> [Exercise] Pictures stay out of the copy. Transcribe exactly the lines from the line with "Elegant Burgundy Gold" through the final line of the records.

*****

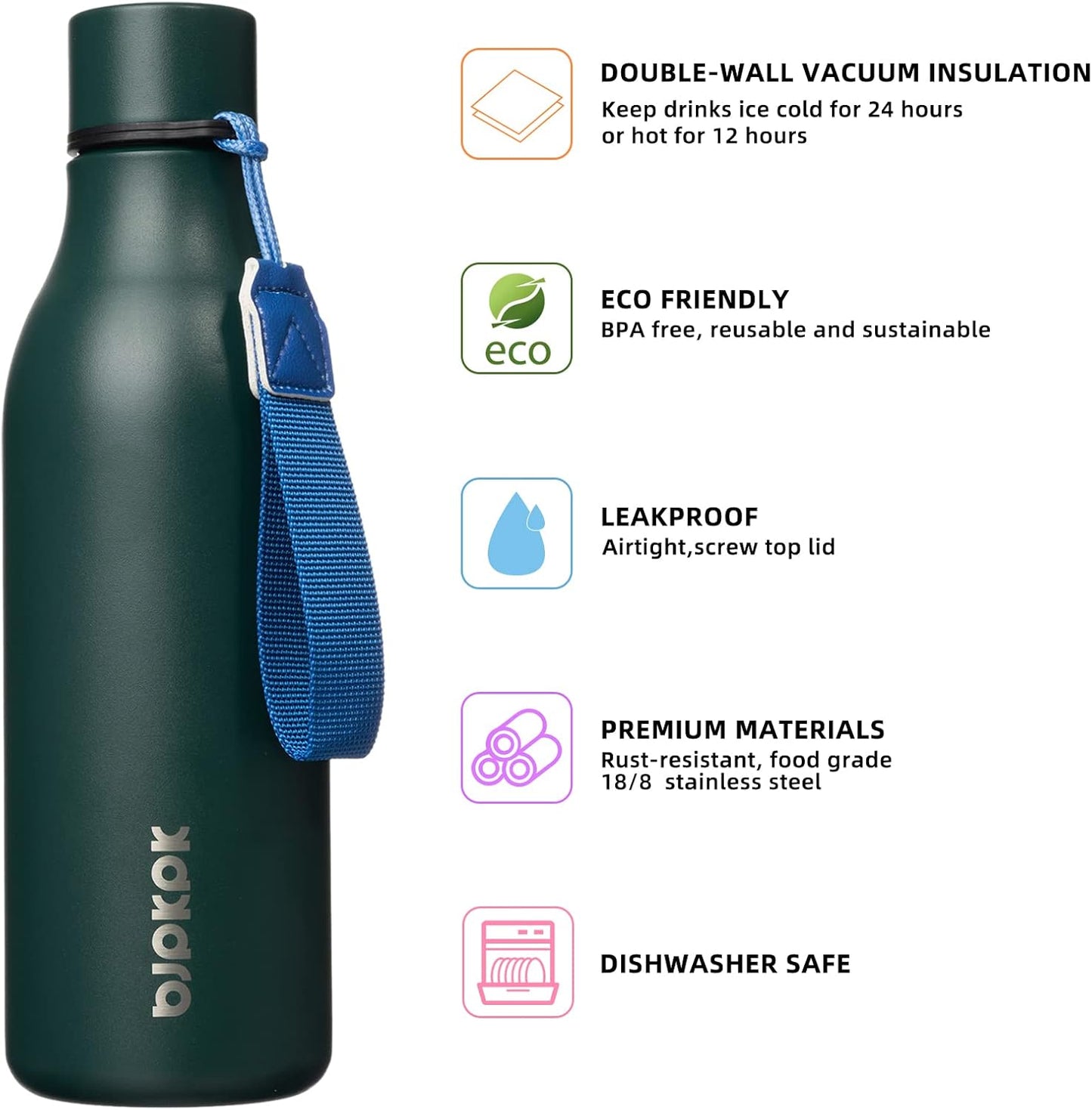 BJPKPK Insulated Water Bottles, 18 oz Stainless Steel Metal Water Bottle with Strap, BPA Free Leak Proof Thermos, Mugs, Flasks, Reusable Water Bottle for Sports & Travel, Army Green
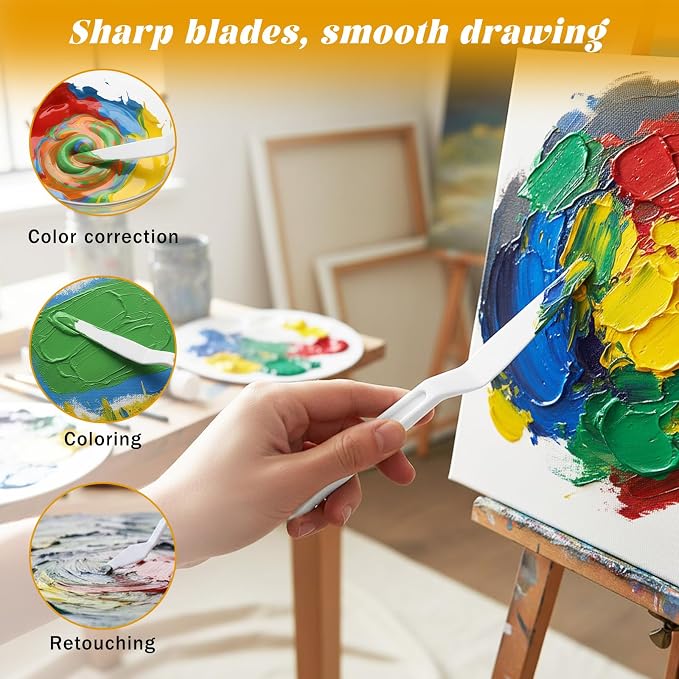 Plastic Palette Knives Set, 30 Pieces Spatula Palette Knives Thin Flexible Art - Image 5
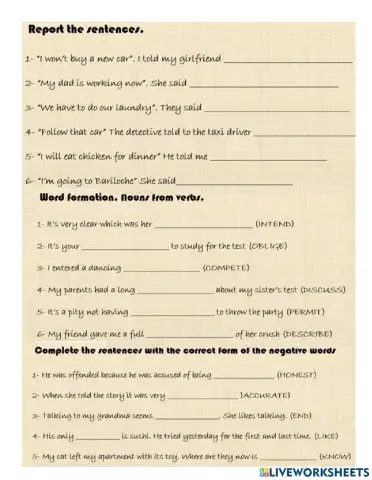 WORD FORMATION AND REPORTED SPEECH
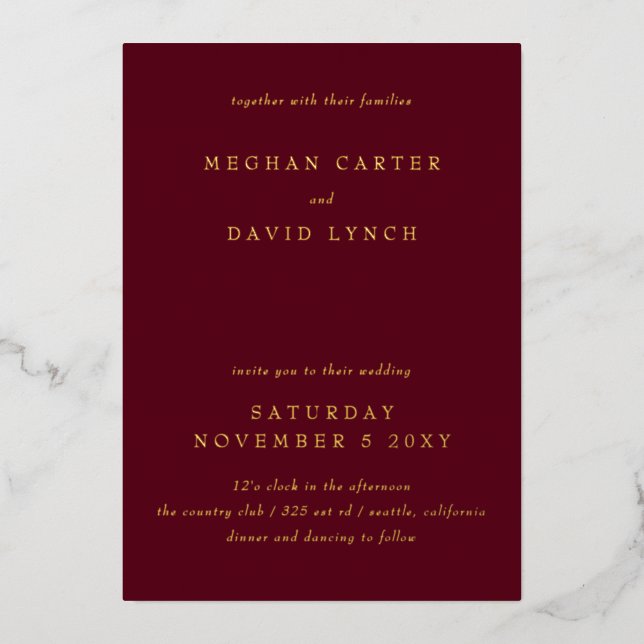 Elegant Burgundy Gold Wedding  Foil Invitation (Front)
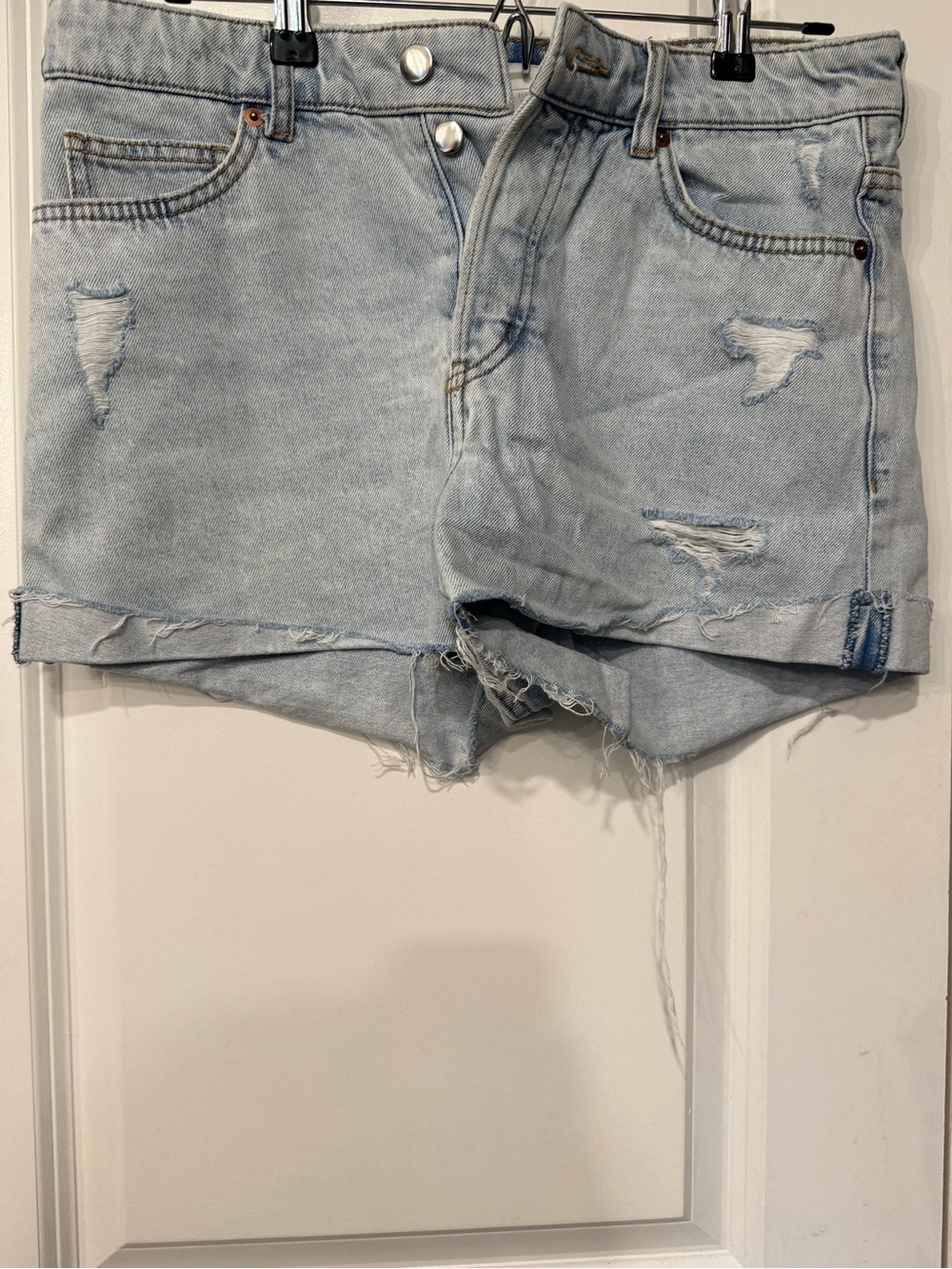 H&M Light Wash Distressed Denim Jean Shorts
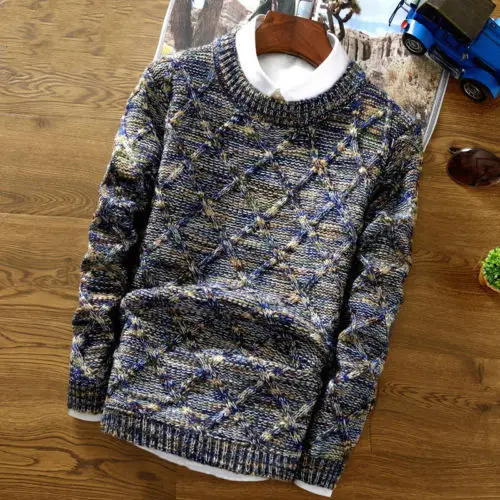 Navy blue Мужской джемпер, зимний толстый вязаный тонкий пуловер, вязанный Топ 200-614 - Цвет: Navy blue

*****

> [Reply to the exercise]
 Elegant Burgundy Gold Wedding  Foil Invitation (Front)
 H&M Light Wash Distressed Denim Jean Shorts
 Navy blue Мужской джемпер, зимний толстый вязаный тонкий пуловер, вязанный Топ 200-614 - Цвет: Navy blue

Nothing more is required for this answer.